It comes after the Office for National Statistics (ONS) said food and soft drink prices rose by 3% in the 12 months to April, down from 3.7% in March.
But retailers have voiced their alarm over the reports. Helen Dickinson, chief executive of the British Retail Consortium – the UK’s biggest trade association for retailers – said: “Rather than introduce 1970s style price controls and trying to force retailers to sell goods at a loss, the Government must focus on how it will reduce the public policy costs which are pushing up food prices in the first place.”
She added: “The challenge facing retailers is a combination of higher energy and commodity costs resulting from the Middle East conflict, and the soaring cost of the Government’s domestic policies.”
“The UK has the most affordable grocery prices in Western Europe thanks to the fierce competition between supermarkets,” she also said.
Mr Tomlinson’s denial comes after the Treasury suggested a voluntary price cap was being looked at. Overnight a spokesperson for the department told the Press Association: “The Chancellor has been clear we want to do more to help keep costs down for families, and will set out more detail in due course.”
According to the Financial Times, the Treasury asked supermarkets for guarantees that British farmers would not lose income from price caps. It also recommended supermarkets reinvest the savings from the regulation changes to freeze grocery prices, it was claimed.
On Tuesday Foreign Secretary Yvette Cooper warned the world risks “sleepwalking into a global food crisis” as a result of Iran’s blockade of the Strait of Hormuz. Chancellor Rachel Reeves is to set out measures to help households with the cost of living on Thursday.

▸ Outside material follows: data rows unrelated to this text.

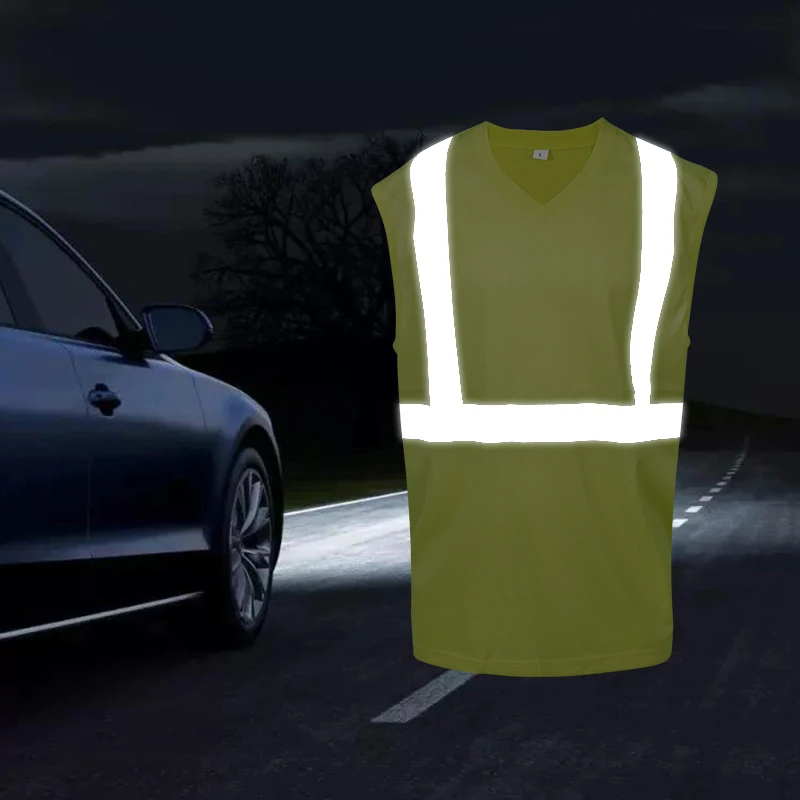 LX One-Stop Purchasing Safety Vest Raw Material Including Reflective Strips Fabric Zippers For Reflective vest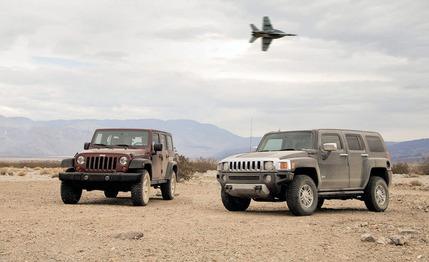 2008 Hummer H3 Alpha vs. 2008 Jeep Wrangler Unlimited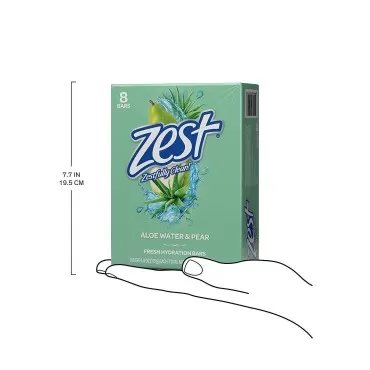 Zest Bar Soap, Fresh Aloe, 4 Oz, 16 Bars Pack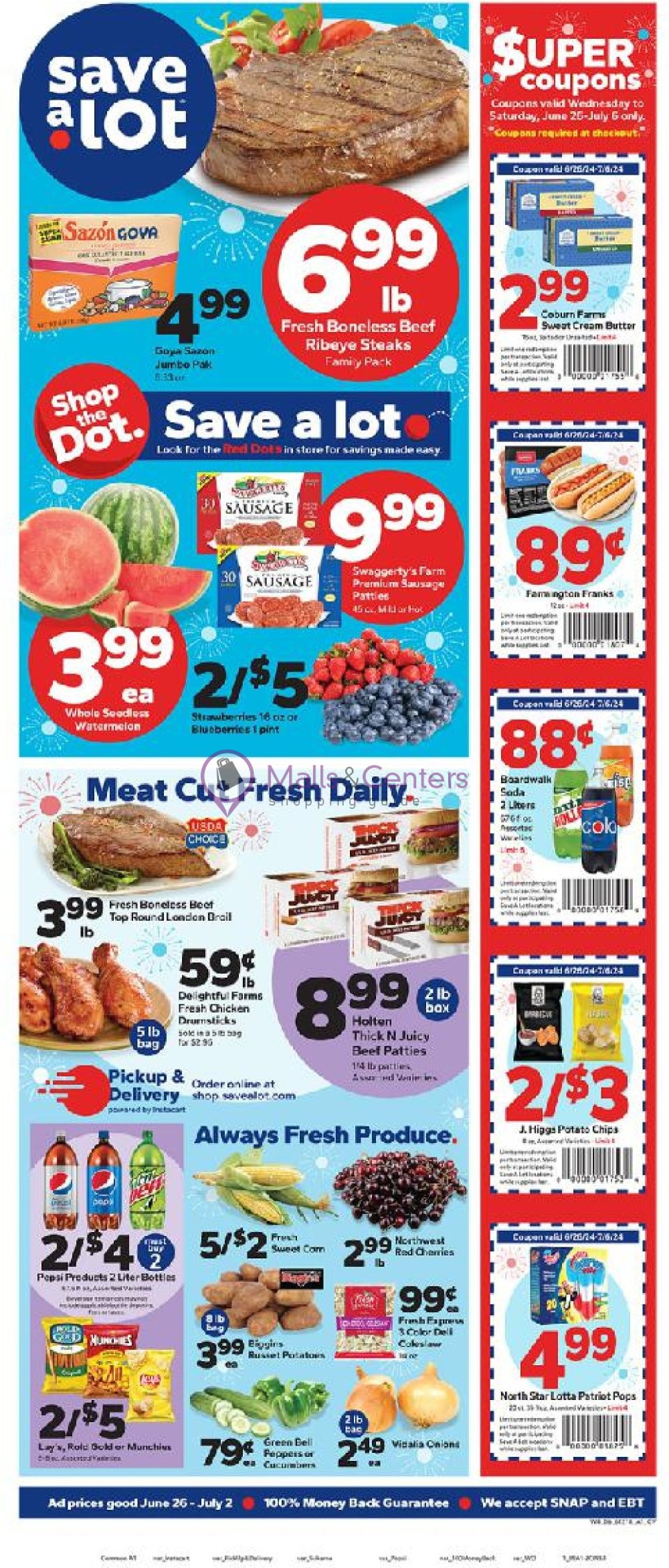 Weekly ad for Save a Lot food store valid: 06/26/2024 - 07/02/2024, page 2 Weekly ad for Save a Lot food store valid: 06/26/2024 - 07/02/2024, page 2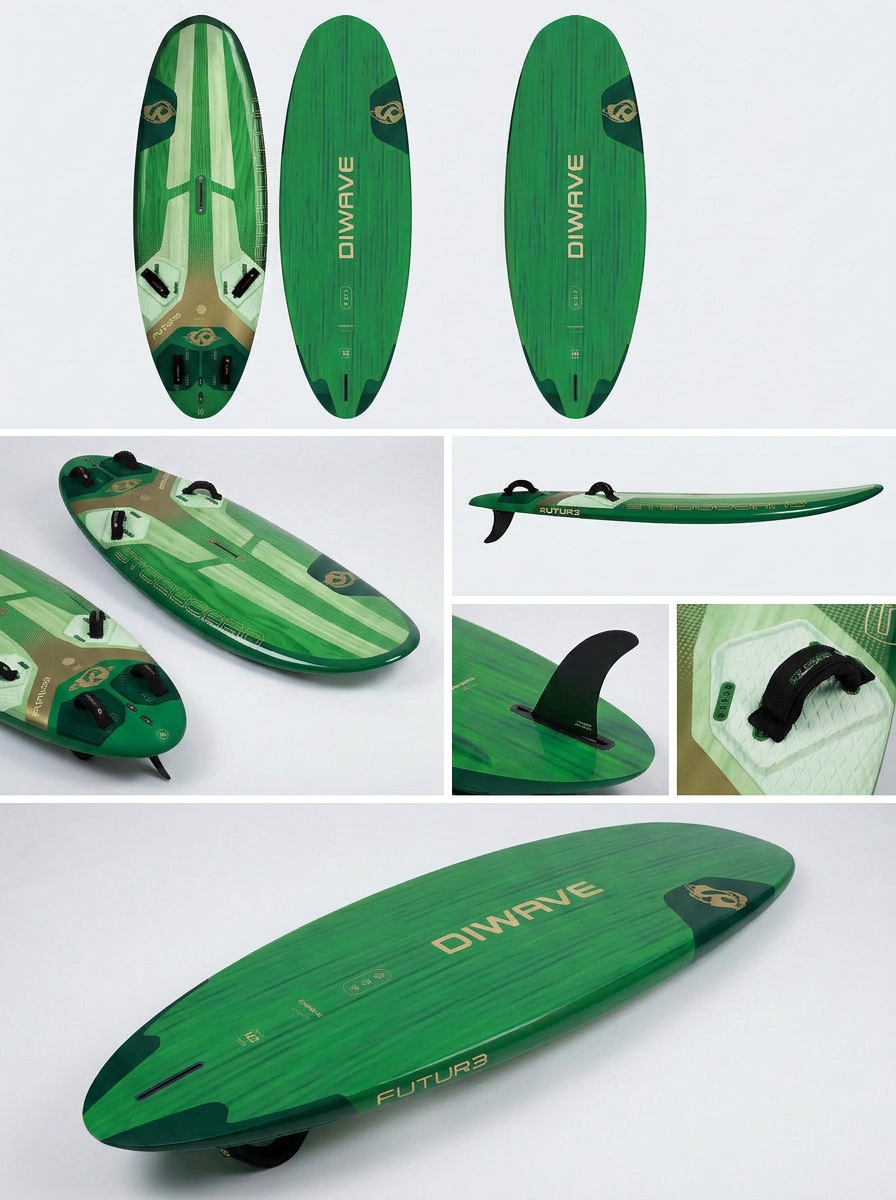 DIWAVE Wave Hunter | Tabla de Windsurf para Navegación en Olas - Imagen 3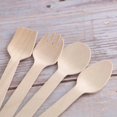 thumbnail image 4 of 100Pcs Disposable Mini Wooden Spoons Forks Dessert Ice Cream Wedding Party Tableware, 4 of 7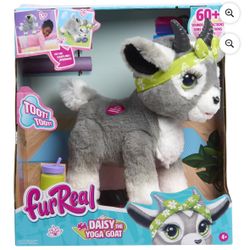 furReal Daisy the Yoga Goat interactive plush toy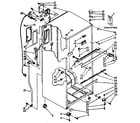 Kenmore 1068768137 cabinet parts diagram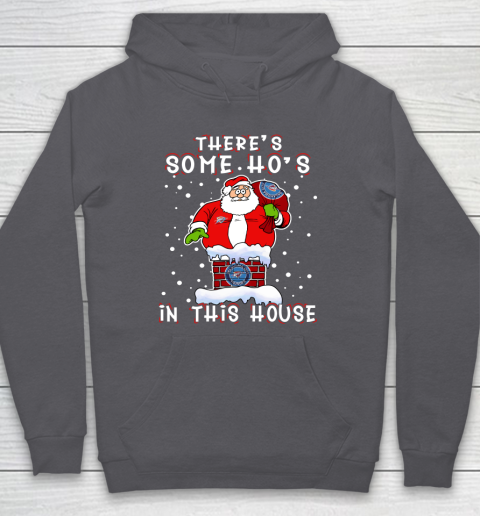 Oklahoma City Thunder Christmas There Is Some Hos In This House Santa Stuck In The Chimney NBA Hoodie 4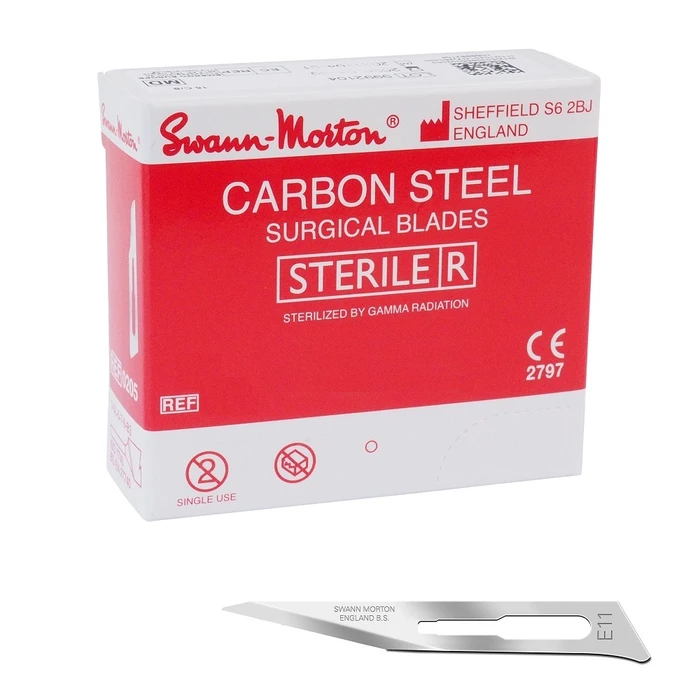 Swann Morton Carbon Sterile mesjes nr. E11 (0225)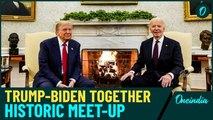 VIDEO: Trump Inside White House | JOE Biden Meets Trump, Shakes Hands | Dramatic U.S Moment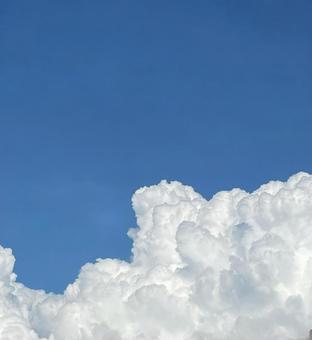 入道雲2 空,入道雲,夏の雲の写真素材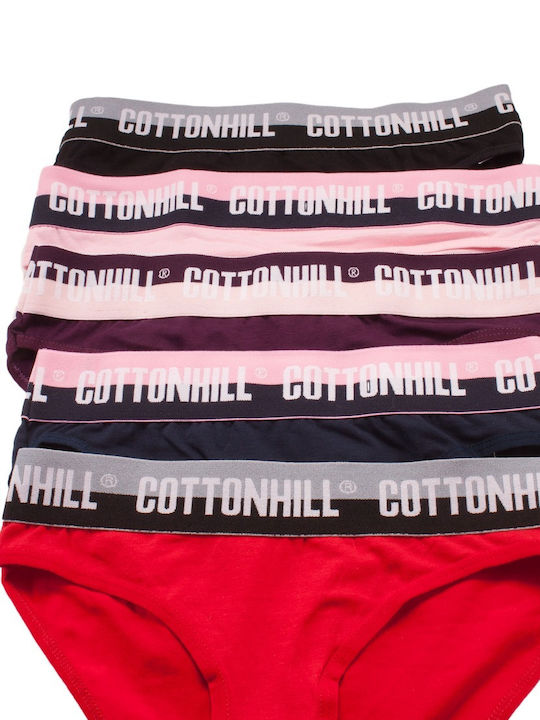 CottonHill Baumwolle Damen Slip MultiPack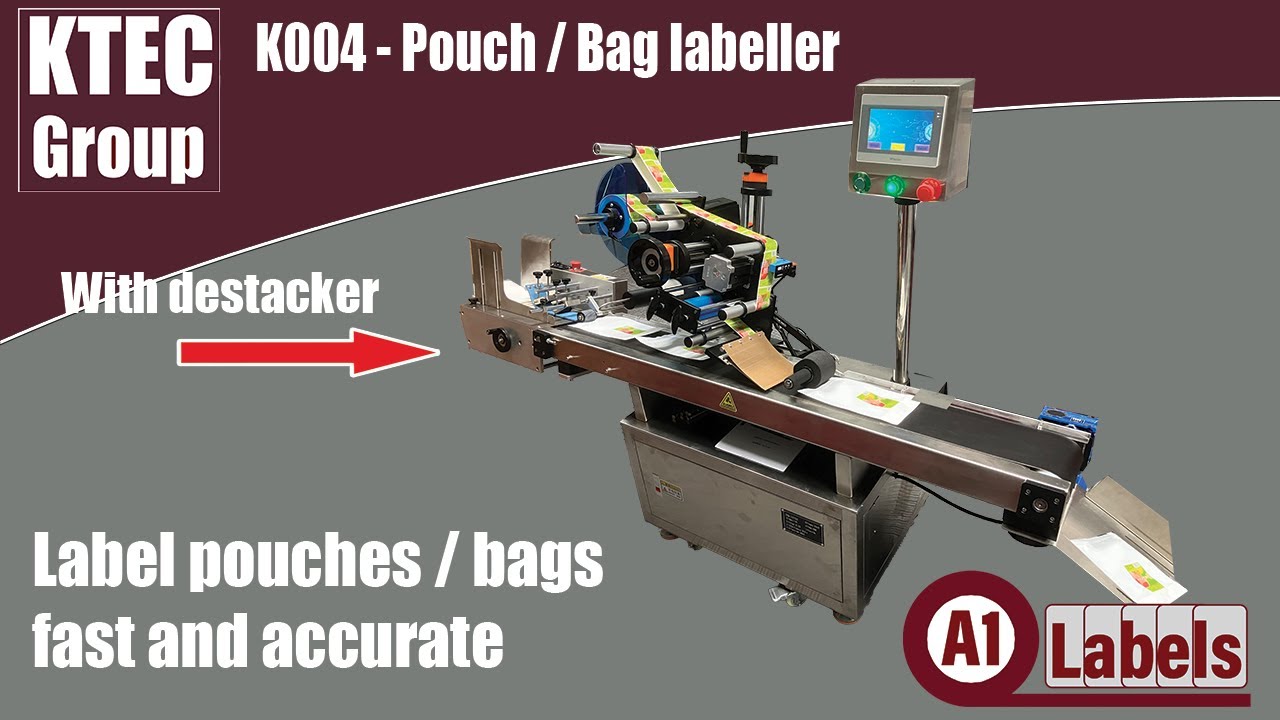 K004 - Pouch and bag labeller - Labels-U-Print &reg; - KTEC GROUP UK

Writing in The Times, she said she had made decisions which were “responsible in the national interest”. “I will not tolerate anyone exploiting a crisis to make a quick buck off the back of hardworking people,” the Chancellor wrote.
“I am clamping down on price gouging, giving regulators new, focused investigatory powers. Where regulators identify concerning practices, they will be encouraged to name and shame.”
It has been announced that the Competition and Markets Authority (CMA) will be able to name and shame firms who have changed their margins in response to the crisis.
.It will also get new rapid investigatory powers to identify companies taking advantage of turmoil.